WORK INSTRUCTIONS
Because the pictures are not wanted, reproduce the rest of the records below exactly as they stand.

Short text fragments from websites

************

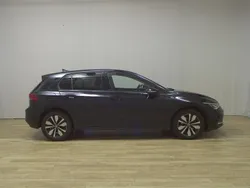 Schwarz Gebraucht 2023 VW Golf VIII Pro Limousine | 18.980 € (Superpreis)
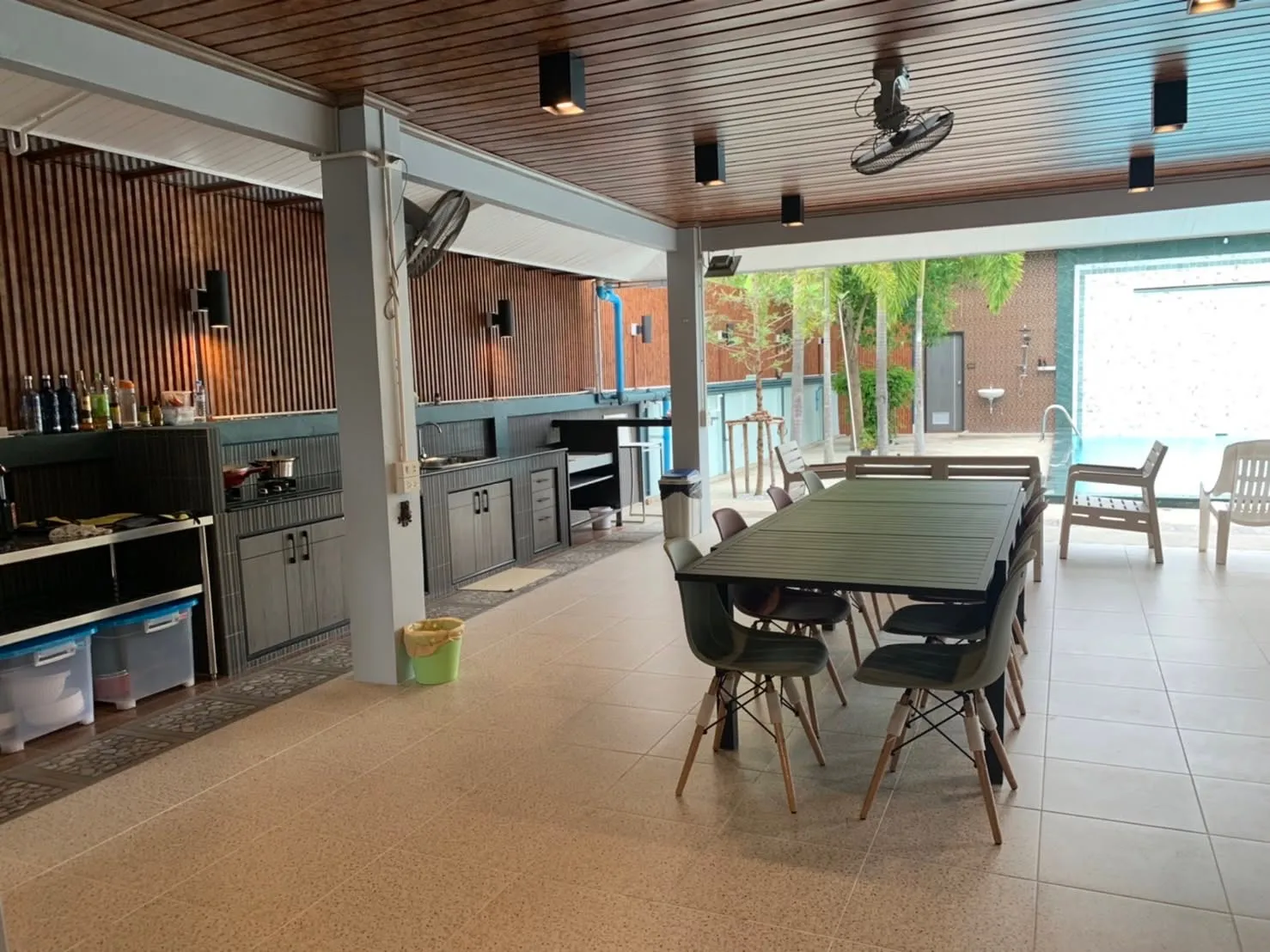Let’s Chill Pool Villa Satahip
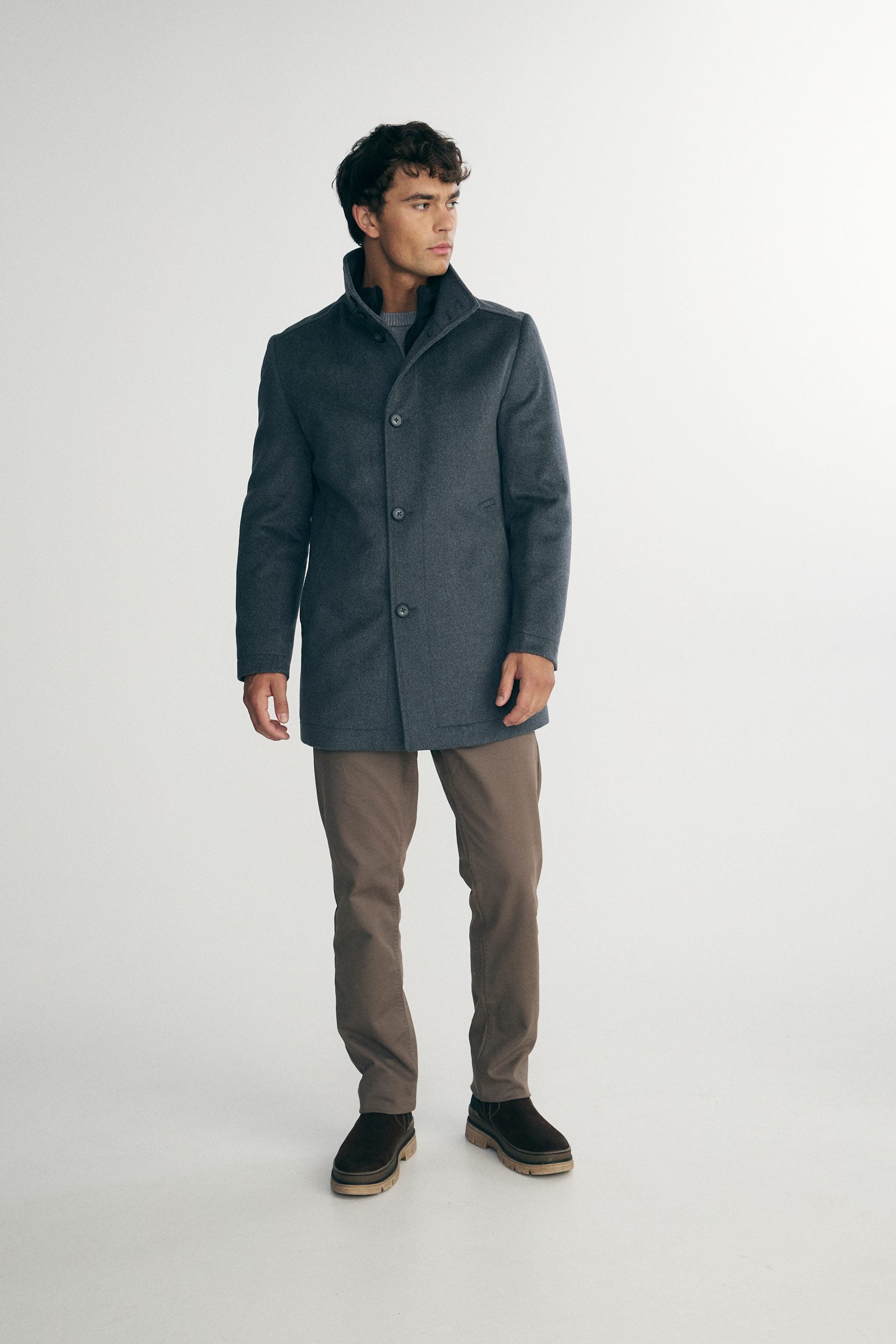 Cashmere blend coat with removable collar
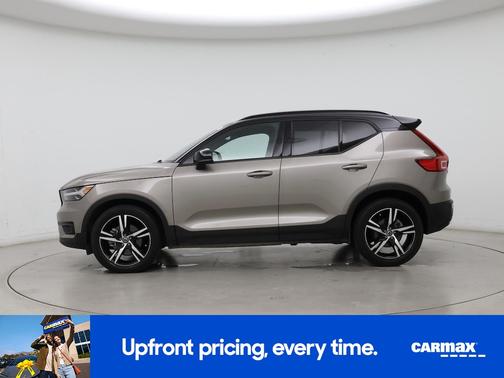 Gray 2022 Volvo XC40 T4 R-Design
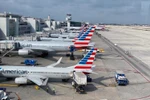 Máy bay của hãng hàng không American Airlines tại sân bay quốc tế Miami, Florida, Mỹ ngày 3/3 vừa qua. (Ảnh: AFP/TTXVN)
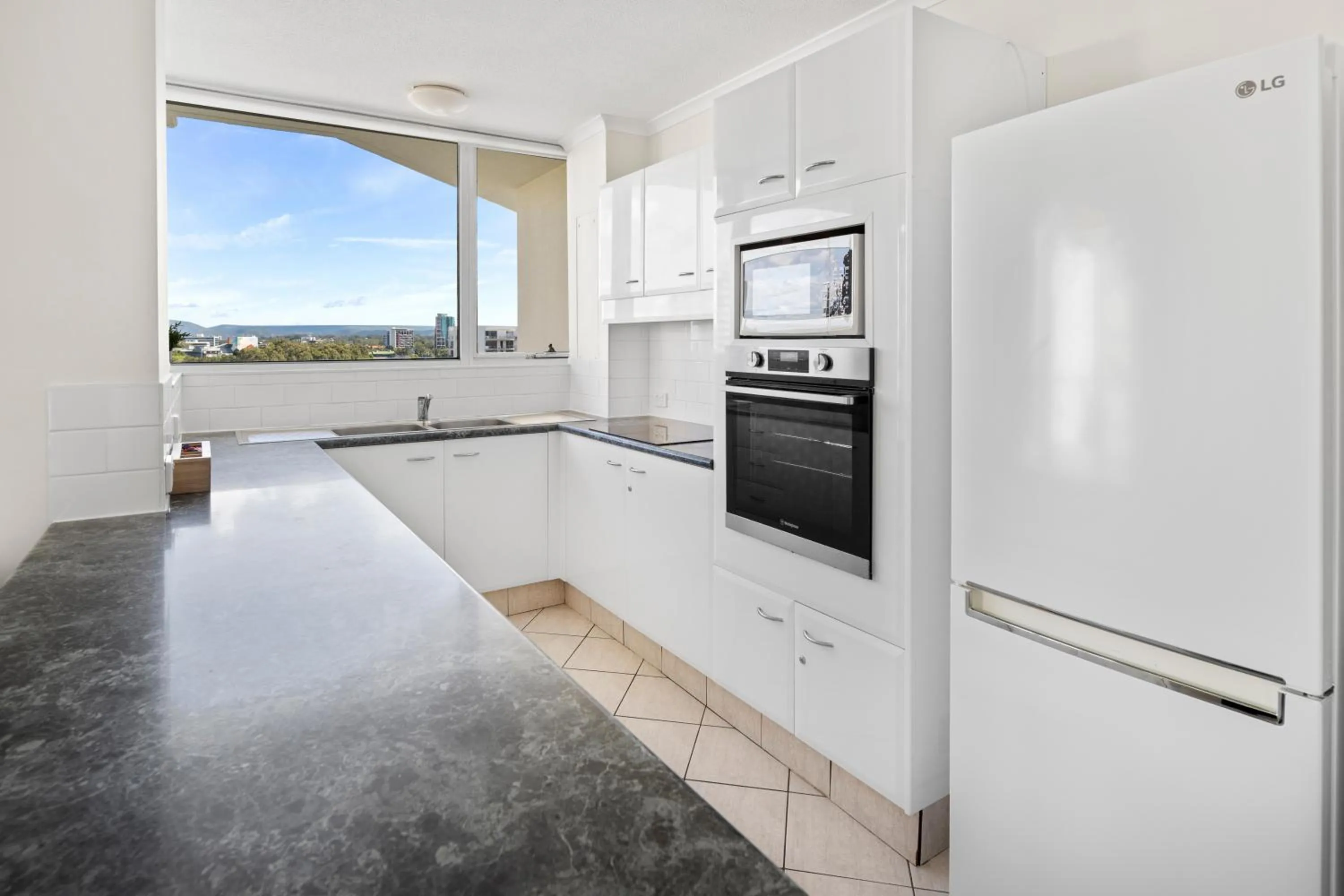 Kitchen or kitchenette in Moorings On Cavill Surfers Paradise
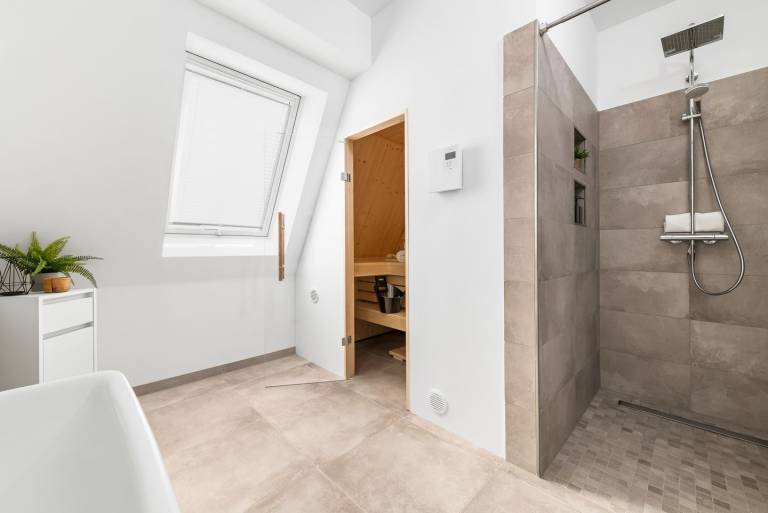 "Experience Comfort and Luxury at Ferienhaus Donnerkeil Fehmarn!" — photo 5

************

EXERCISE RESULT
 Schwarz Gebraucht 2023 VW Golf VIII Pro Limousine | 18.980 € (Superpreis)
Let’s Chill Pool Villa Satahip
 Cashmere blend coat with removable collar
 Gray 2022 Volvo XC40 T4 R-Design
 Máy bay của hãng hàng không American Airlines tại sân bay quốc tế Miami, Florida, Mỹ ngày 3/3 vừa qua. (Ảnh: AFP/TTXVN)
 Kitchen or kitchenette in Moorings On Cavill Surfers Paradise
 "Experience Comfort and Luxury at Ferienhaus Donnerkeil Fehmarn!" — photo 5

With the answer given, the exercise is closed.